Ora, devendo ser Deus o centro de nossos
pensamentos, desejos e ações, ao ignorá-Lo, ou d’Ele se afastar,
as próprias relações humanas se tornam defectivas e viciadas, ou
seja, deterioram- se todos os princípios do saudável respeito.
Nesse
juiz, vê-se retratado um dos grandes males de nossos tempos: o
desaparecimento da douceur
de vivre,
da benquerença e da admiração no trato social, seja entre iguais,
ou entre inferiores e superiores. Ao se considerar o único ponto de
referência para atender a seus semelhantes, pouco lhe importam estas
ou aquelas qualidades dos mesmos. Ele se move de acordo com a
volubilidade do sopro de seus caprichos e não se inclina a dar
ouvidos aos respectivos pleiteantes, pois lhe falta o necessário
estímulo para conduzir a bom termo suas causas. O egoísmo é sua
lei.
A viúva importuna
3 Havia também na mesma cidade uma viúva, que
ia ter com ele, dizendo: "Faze-me justiça contra o meu adversário".
Nessa mesma cidade havia uma viúva. Como em
todas as épocas, a esposa que se vê desprotegida pela morte de seu
marido, torna-se uma figura digna de pena. Recairá sobre ela, a
parte mais frágil, o ônus da educação dos filhos, sobretudo dos
pequenos, e da administração dos bens e da casa. Se ela não tiver
o amparo de amigos verdadeiros, seu isolamento bem poderá se tornar
dramático, e os interesses egoístas desses ou daqueles se
concentrarão sobre a herança dos menores. Restar-lhe-á o
intransigente vigor de seu instinto materno, acompanhado de suas
amargas lágrimas. Por nada deste mundo ela abandonará as crianças
alimentadas e crescidas em seus braços. Será um modelo insuperável
de obstinação nesse particular. Esse é, bem provavelmente, o caso
da presente parábola.
A viúva deve ter saturado o juiz com suas
inúmeras visitas, implorando-lhe, a cada vez, justiça contra seu
adversário.
Este último, quiçá, fosse um israelita
constituído na fraude e na maldade que — tirando proveito da
existência de um árbitro nada temente da cólera divina — havia
dado largas à sua ganância e, assim, procurava extorquir os bens,
no todo ou em parte, da desamparada e aflita senhora.
A apropriação indébita sempre existiu ao
longo dos tempos. Sobretudo nos casos onde predomina o absolutismo do
mais forte, ao excitarem-se as paixões, se estabelece a lei da
selva.
E
o que poderia fazer uma pobre mulher, nessa crítica situação,
senão recorrer aos tribunais? Por outro lado, o mau israelita terá
grande interesse em manter o
status quo
e, não havendo outra solução, se empenhará, na medida do
possível, em retardar ao máximo qualquer pronunciamento legal.

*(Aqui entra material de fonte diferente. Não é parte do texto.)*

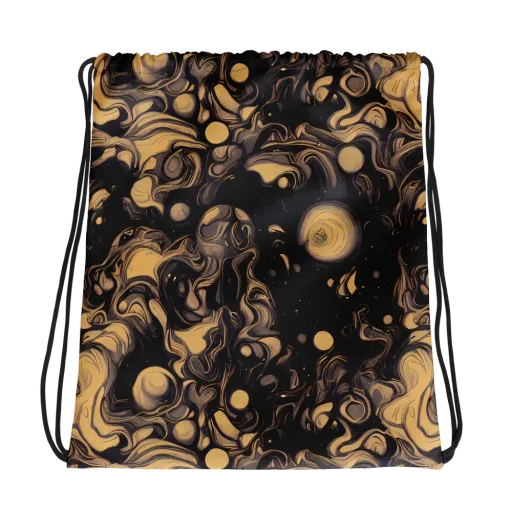 Nocturne Flow on a Drawstring Bag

Ora, as delongas só poderiam agravar o drama da
triste senhora. Daí a grande insistência: “Faze-me justiça
contra o meu adversário”.
A atitude do juiz
4a Ele,
durante muito tempo não a quis atender.
Não nos são desconhecidas as demoras
processuais em nosso Ocidente latino. Mas, nos povos orientais,
naqueles tempos, as intérminas esperas faziam guerra às mais
robustas paciências. Pelas próprias Escrituras Sagradas temos
ciência da existência do suborno na época e, portanto, pode-se
levantar a questão: terá o juiz recebido propostas, ou presentes,
da parte contrária? Por outra, esperava ele alguma oferta da viúva
para solucionar sua causa? O certo é que, por certa razão, talvez
até por puro desleixo, capricho ou preguiça, o julgador se recusava
a ouvir os rogos da autora do processo em curso.

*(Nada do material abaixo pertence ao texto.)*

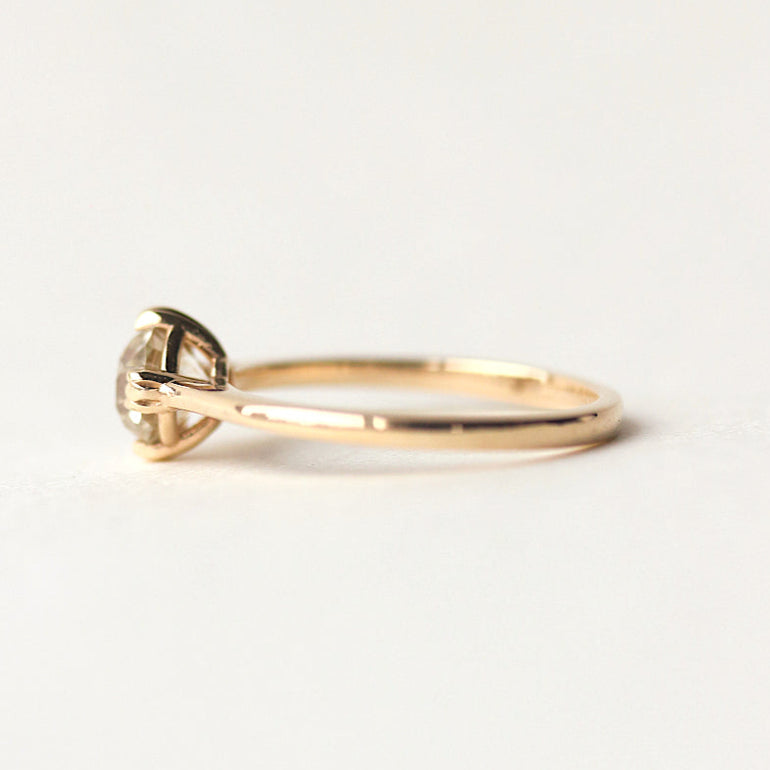 Round Solitaire Engagement Ring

Ainda uma outra hipótese se poderia levantar
para buscar uma explicação de tal atitude. É do conhecimento geral
que a demora muitas vezes resolve inextricáveis problemas. Não
teria sido, o magistrado em questão, partidário de tomar o tempo
como seu conselheiro? Nada leva a crer que assim fosse, pois ele “não
temia a Deus, nem respeitava os homens”, e, portanto, a virtude não
era a lei de seu habitual procedimento.